Neither of us fully conceived how sensorial moving would be until we came to NYU Abu Dhabi. Lucas’ parents lived in several different countries throughout their lives and through stories, they tangentially passed down a partially constructed mosaic of how moving changes you. Deconstructing, redefining and expressing what it means to both have and make a home, in relation to a multitude of regions and identities, is a reality many of us face. When we both left home in September, to come to NYUAD for our junior year, it was once again time to construct a metaphysical house to live in — new dorm, new home.
We sat in the living room of A6B 406, surrounded by furniture that was chosen for us, in a room that was ours but had no owners. Then we thought: what if we reimagine what home is? Break it down to its bones, and splatter paint a rough idea of what it could be. Maybe then, we would have an easier time figuring out who we really are.
For individuals around the world, especially those connected to NYUAD, movement never becomes unfamiliar. Often, while abroad, students witness their families move from places called home to new houses, cities and even countries. Transition is variational, ranging from alterations in dorm rooms to changes in airport destinations at the end of a semester. However, just because our changes are different, they are no less meaningful. The endowed spaces of our past and present are forged strictly in our imagination, only able to be conjured by the mind, and perhaps reconstructed iconographically. The home, with its value, manifests a particularity within one’s identity.
In order to reconstitute identity, individuals bring “home” into new spaces and reimagine identities for themselves — home is a person, a place, a pet, a song, taste, smell, an infinity of possibilities. It is everything that we both hope and fear for; an oscillation of uncontrollable emotion shrouded in mystery.
How, why and where we construct our homes changes. Individuals harness their constructions of home as a mechanism to extrapolate a better understanding of who they are: “people are chronically mobile and routinely displaced, and invent homes and homelands…through memories of, and claims on, places that they can or will no longer corporeally inhabit,” wrote
Liisa Malkki.
No such place is a better case study than NYUAD. Some students, prior to coming here, have lived the quintessential Marhaba introductory story: “I was born there, lived here, went to school here and have now moved here.” Of course, this is not always the case. Nonetheless, these lives demonstrate an everlasting creative malleability. A story that begets a necessity to construct a new home — perhaps not permanent, but stable enough to withstand time. From this perspective, reimagining enables us as individuals and as collectives to garner more authentic ingredients that help form a home.
Home is not individually constructed.
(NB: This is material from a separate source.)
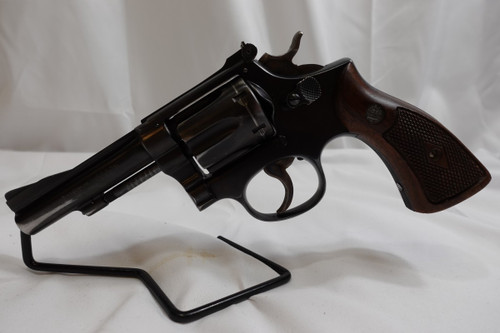 1951 S&W K-22 COMBAT MASTERPIECE, 5 SCREW, 4" BARREL REVOLVER WITH VINTAGE BRAUER BROTHERS LEATHER HOLSTER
It is an amalgamation of movement, identity and belonging. Although our movement as NYUAD students is born from privilege, it is a fusion of hope, an opportunistic improvement, a nostalgia for what’s being left behind and a disconnection from a past self.Therefore, the conversation of home should also include how identity begins to transform, often becoming an internal battle within each individual.
Leaving one's belongings behind and simultaneously reconfiguring a physical and personal sense of belonging and identity constitutes a deeply unsettling event. It forces us into a reflection of our routines, which, under the influence of history, we come to know as traditions. This we take to be a grounding concept, for home seems to live at the intersection of space and traditions.
We come back to this room in A6B with a Terra Cota colored door and laminated cutouts with our names on them. Oddly enough, these cutouts just look like a mere suggestion that we should start to think of this room as ours. It is a return to a different, a new, not yet home, maybe never home, space. But we also return with a reassurance that we have stepped into these shoes before, encountering unfamiliar faces and old friends, new loves and nostalgic memories, changed routines and old habits, all in the same space. Dealing with this tension on an almost semestrial basis is challenging, but it also provides us an opportunity for growth. When we studied away, we noticed that home had marked us, let go of us, prosaically released us, into a world with unrealized potential. When we came back, we could see the marks that we had left, and home was there to welcome us back, into its complex and familiar yet transformed arms.